Still, that's a major step toward identifying required test-cases. If each class and function in a module should have a corresponding unittest.TestCase, the three items that come back in that dict could be used as a basis for assuming the names of those test-cases:

Relationship Between Module Member-names and Test-case Names
Member-name Required Test-case Name
HasSerializationDict testHasSerializationDict
IsJSONSerializable testIsJSONSerializable
UnsanitizedJSONWarning testUnsanitizedJSONWarning
So, the first code-coverage test can be performed by checking the unit-testing code's members, and asserting that there is a test-case class matching each required test-case name as calculated from the names of local members in the module being tested.

That feels like a pretty solid first step to me.

The next logical step would seem to be to perform the same sort of inspect-based analysis of each of the classes. The inspect module provides ways to identify members as methods or properties of a class. For purposes of this post, I'm going to spin off a copy of the original serialization module, adding the minimal JSONSerializableStub class described in my last post to it in order to assure that I had an interface, and abstract class, and a concrete class. The stub-class has a couple of fields/properties added:

class JSONSerializableStub( IsJSONSerializable ):

    _jsonPublicFields = ( 'FieldName1', 'FieldName2' )

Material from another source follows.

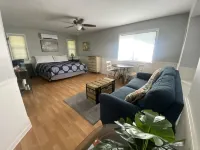 Large king guest room with private entrance and bathroom.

    FieldName1 = property()
    FieldName2 = property()

    def __init__( self ):
        IsJSONSerializable.__init__( self )
        # TODO: Whatever other initialization needs to happen

    def GetSerializationDict( self, sanitize=False ):
        # TODO: Actually implement code that reads the instance state 
        # and drops it into the "result" dict
        result = {}
        if sanitize:
            return self.SanitizeDict( result )
        return result

    @classmethod
    def FromDict( cls, data={}, **properties ):
        # Merge the properties and the data
        data.update( properties )
        # Create the instance to be returned
        result = cls()
        # TODO: Populate the instance with state-data from "data"
        # Return the instance
        return result

JSONSerializableStub.RegisterLoadable()

With the original serialization-module classes, plus that stub-class, an optimal member-based unit-testing requirement-scan function would need to be able to determine that these test-cases and their member test-methods exist:

  • testHasSerializationDict
    • testFromDict
    • testGetSerializationDict
    • test__init__
  • testIsJSONSerializable
    • testFromJSON
    • testPythonNamespace
    • testRegisterLoadable
    • testSanitizeDict
    • testSanitizedJSON
    • test_GetPythonNamespace
    • test_GetSanitizedJSON
    • testwrapdump (testing that the decoration works)
    • testwrapdumps (testing that the decoration works)
    • testwrapload (testing that the decoration works)
    • testwraploads (testing that the decoration works)
    • __init__
  • testJSONSerializableStub
    • testFieldName1
    • testFieldName2
    • testFromDict
    • testGetSerializationDict
    • json.dump (testing that the decorated json.* functions work when applied to an instance)
    • json.dumps (testing that the decorated json.* functions work when applied to an instance)
    • json.load (testing that the decorated json.* functions work when applied to an instance)
    • json.loads (testing that the decorated json.* functions work when applied to an instance)
    • test__init__
UnsanitizedJSONWarning, since it doesn't have any local properties or methods, shouldn't have any test-methods, which makes the presence of a test-case class kind of pointless. I'm not sure yet how I want to handle that kind of circumstance, so I'll ponder that while I work out the rest.

The various abstract methods (instance- and class-level alike) can be usefully tested in their corresponding test-case classes to assure that they are raising the expected errors (NotImplementedError for the nominally-abstract classmethods, the TypeError that would be raised by failed implementation of required abstract instance methods likely falls into the category of trusting the language. If that fails, there are other, larger issues with the underlying language...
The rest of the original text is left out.